His statement intrigued me, so I followed the link in his blog to an examiner.com article, which breaks down when an unpaid marketing or PR internship is illegal. Sledzik said he was skeptical when he first read the article but then reviewed it with two attorneys who are experienced with labor law, and both said it was accurate.
The article lists the six criteria (from the Fair Labor Standards Act) that must apply if a company doesn’t pay its interns, and it emphasizes that the “trainee,” (not called an intern) must meet ALL six criteria in order to be unpaid. The criteria include:
- The training, even though it includes actual operation of the facilities of the employer, is similar to that which would be given in a vocational school
- The training is for the benefit of the trainees or students
- The trainees or students do not displace regular employees, but work under close supervision
- The employer that provides the training receives no immediate advantage from the activities of the trainees or students and, on occasion, his operations may even be impeded
- The trainees or students are not necessarily entitled to a job at the conclusion of the training period
- The employer and the trainees or students understand that the trainees or students are not entitled to wages for the time spent in training
What stood out most to me is that using an unpaid intern to do the work that a paid employee would do is illegal, since this happens all the time. “Unpaid interns cannot be used like temps. In other words, if you bring on an unpaid intern to do something essential, like work on a specific project, edit or write a publication, or manage your social media efforts, then you are breaking the law,” the article states. This leads me to believe that almost every unpaid internship that any Cronkite PR student ever had was probably illegal.
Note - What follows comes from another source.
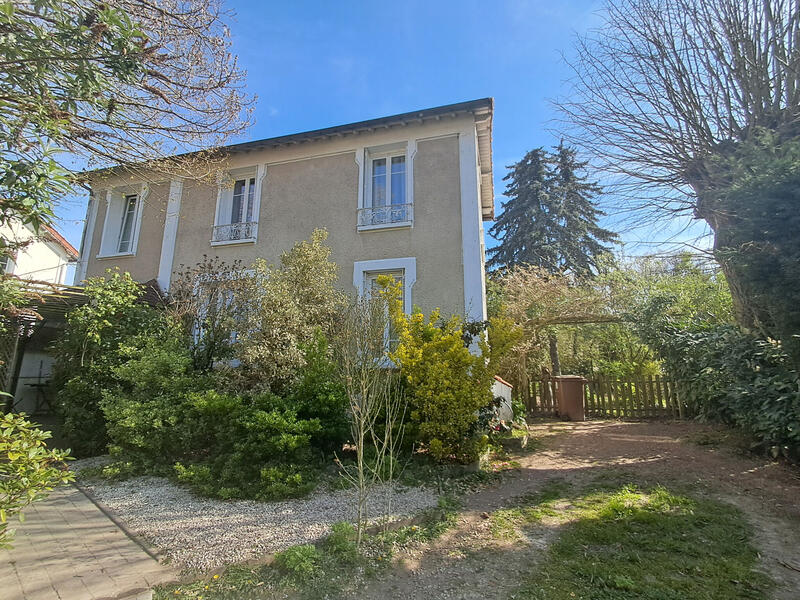 Maison - 135 m² - 5 pièces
I then starting thinking that receiving college credit probably makes up for not paying interns, but as I read on, I learned that it isn’t true and that companies have the common misconception that it is. “If interns perform work for your company, even if they get college credit, you must treat them as employees, and they are entitled to the rights of employees, including wages,” it said.
So basically an unpaid internship should only be offered when a successful company has the money and resources to provide learning experiences for students (because it should cost them both time and money to go out of their way to help students learn). They are not for nonprofits or cash-strapped companies on a tight budget, the article states. Instead, struggling companies should hire interns (even if it’s at minimum wage) to get the job done for less money than paying a regular employee.
If only companies actually followed the law…
Have you had an illegal unpaid internship that didn’t meet the above criteria? Do you think this law will ever become more enforced? Both the author of the blog and the author of the article said that students should stop accepting unpaid positions. Do you think you would ever mention this law when interviewing for an unpaid internship, or after you’ve received an offer?